I have looked for this in the official Saitek forums but could not find anything. I would post my own thread there but registration is turned off. I know it is possible to do this, but I do not know how. The profile editor does not seem to be able to achieve this kind of thing either.

Help is much appreciated.


----------



## JimE (Apr 16, 2009)

That is usually an option within the game itself. The joystick, unless I'm missing something, is linear. The game can over-ride and/or alter how the stick functions.


----------



## Virre (Jul 27, 2012)

The game I play the most does seem to have the option to switch between the two. However, this can only be done by modifying a settings file and it does not actually work. 

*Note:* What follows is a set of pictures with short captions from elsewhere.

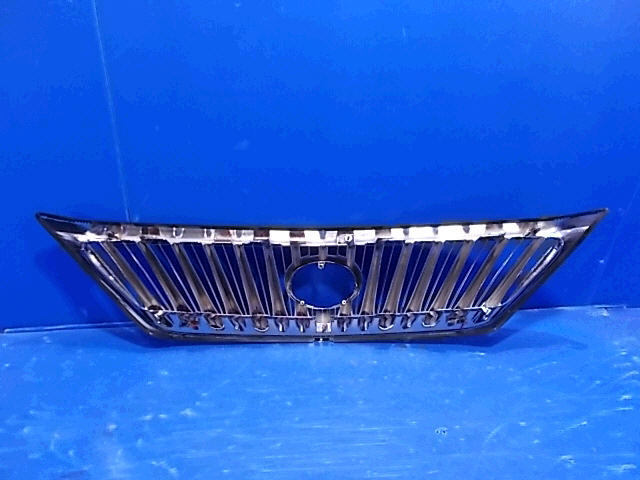 後期 ハリアー ACU30/35W GSU30/35W フロント グリル 53111-48230 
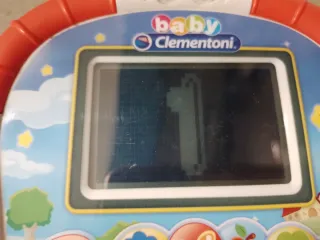 Tablet Baby Clementoni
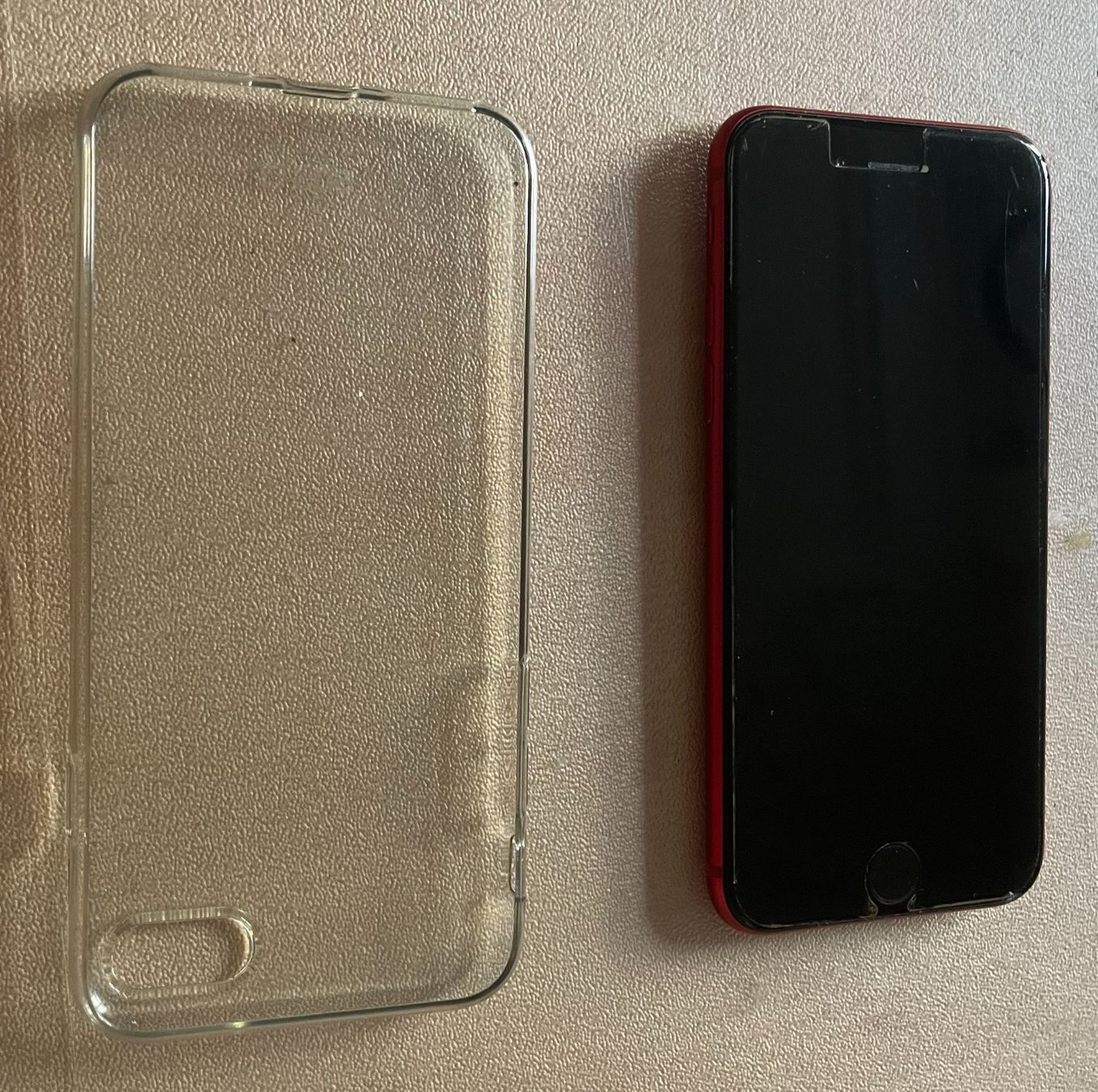 Apple Telefoni cellulari / Smartphones: iPhone SE (2e génération) 128 Go – Usato da Vevey venduto da Chrysil 3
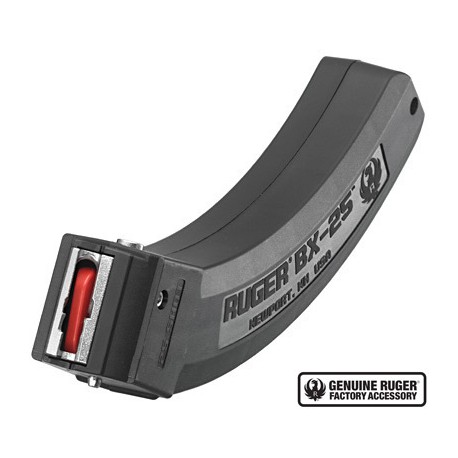 CHARGEUR 22LR ROTATIF 25CPS BX-25 10/22-SR22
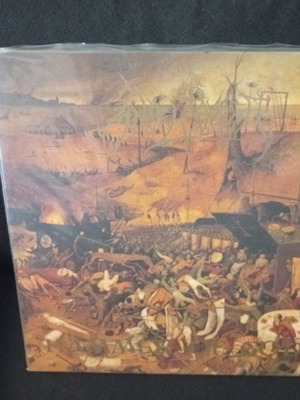Angelcorpse vinyl LP, metal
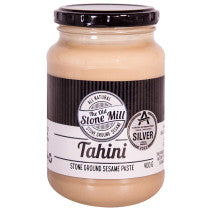The Old Stone Mill Tahini 400g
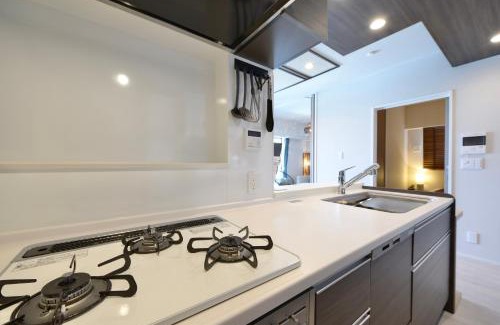 Naha Appartement | Branchera Naha Akebono Premist R78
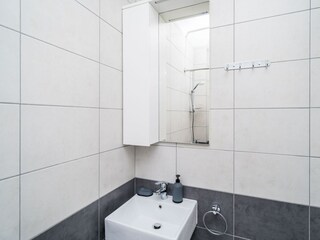Apartamento Mlini Características 7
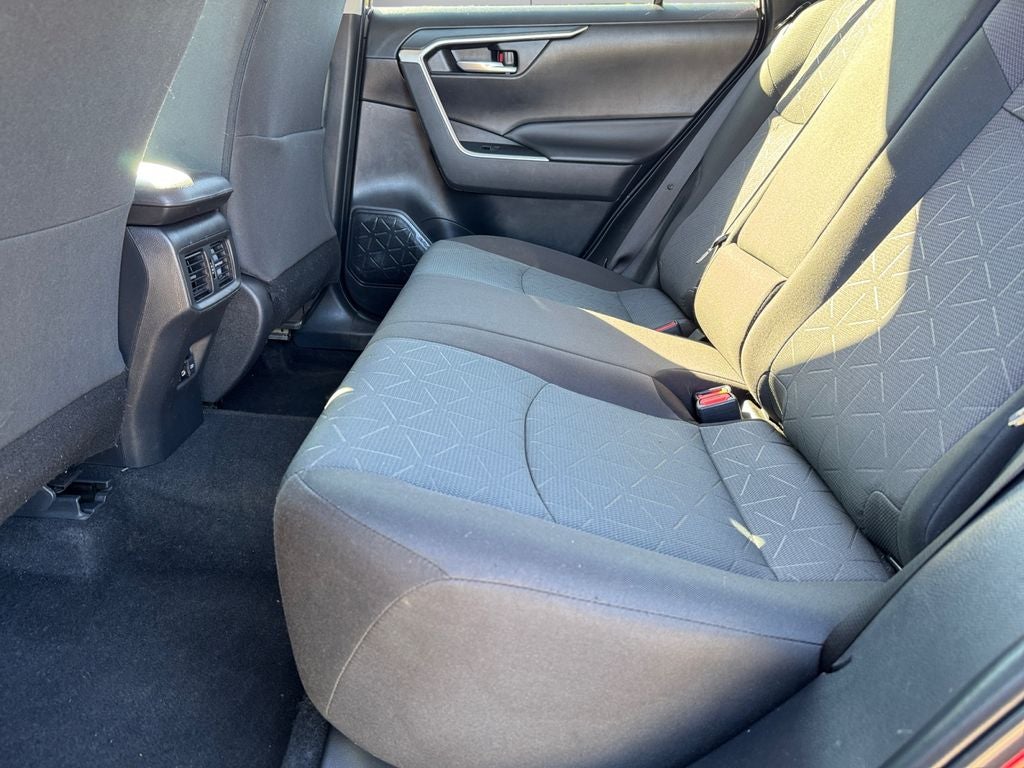 2023 Toyota RAV4 XLE AWD
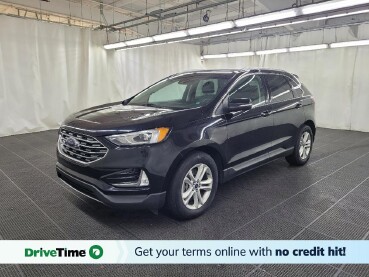 2019 Ford Edge in Indianapolis, IN 46222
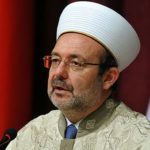 Diyanet Başkanı hakkında suç duyurusu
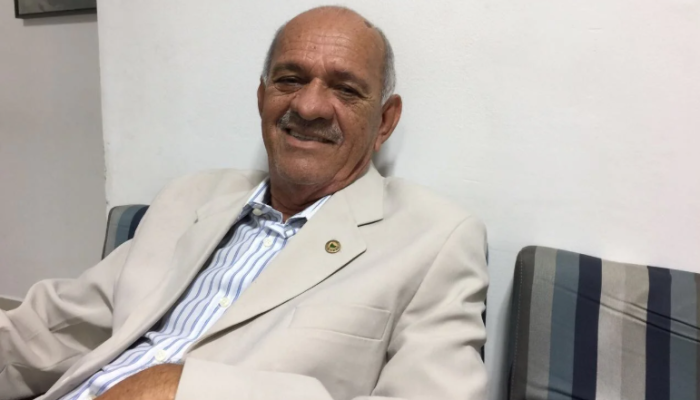 ALPB lamenta morte do ex-deputado Pedro Medeiros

The stick itself is not at all linear. I do not know where you got the idea that it is, perhaps you do not realise that this is quite common. If you have one yourself and you still believe that it is linear then do have a closer look. Try making as perfectly round circular movements with the stick in your hand as possible. Then watch what happens to the reticle in the calibration options. The resulting movements do not resemble a circle. It is a square. It is non-linear. You might argue that it is a matter of getting used to. I say it is a matter of preference and I find the non-linearity appalling.

Since I made this post, I actually found a guide for a physical mod to fix this particular problem. However, that thread is so old the images have been removed, making the guide useless.

If only the game could actually override the output, that would be great, but no such luck. Besides, the output of the stick would have to be converted from being non-linear to non-non-linear (linear), which from a mathematical stand-point really does not make any sense. Going from linear to non-linear would make a lot more sense.

Thanks for the tip though.


----------



## Virre (Jul 27, 2012)

I think I might have found the solution, finally. Moving the magnets in the stick closer to the centre, or replacing them with stronger ones makes it linear. I had seen this before but I thought it would only fix the dead zone issue (this stick has a lot of issues). Apparently, it also eliminates the non-linear effect.

In case anyone reads this and is interested, here is a well-written guide to improve your stock (broken) X52: Saitek X-52 Tuneup and fixes (56k WARNING!!)


----------



## Flight Sim Guy (Dec 19, 2011)

What game/sim are you using this with?


----------



## Virre (Jul 27, 2012)

Microsoft Flight Simulator X, but that is really irrelevant since the problem lies in the stick's design itself.


----------



## Flight Sim Guy (Dec 19, 2011)

Okay, if you think you got it, then mark this thread as "solved".


----------



## JimE (Apr 16, 2009)

Just for clarification. 

Linear, in regards to controllers, is the function of consistently measuring an input along a single plain (ie: line). 

If you tick the option to see the raw values, you will see that the value increments evenly from 0 to x. Non-linear controllers don't increment evenly. One end or both ends of the plane will increase at a higher rate.

What you are seeing and referencing, is how the controller provides data from two planes to Windows (ie: X and Y).

So yes, there may be controller issue, but it's not because the controller isn't linear. And based on the mods to correct the issue, I'd say there is a known issue with how the stick outputs data from two plains. Again, a stick flaw, and not because the stick isn't linear.

EDIT: I've not had any controller issues in Win7 and I'm not at home to test at the moment. But ensure you have the controller configured properly (ie: controller type). Probably won't matter, but worth a try before you start hacking your controller. Personally, I'd get a stick that works properly.


----------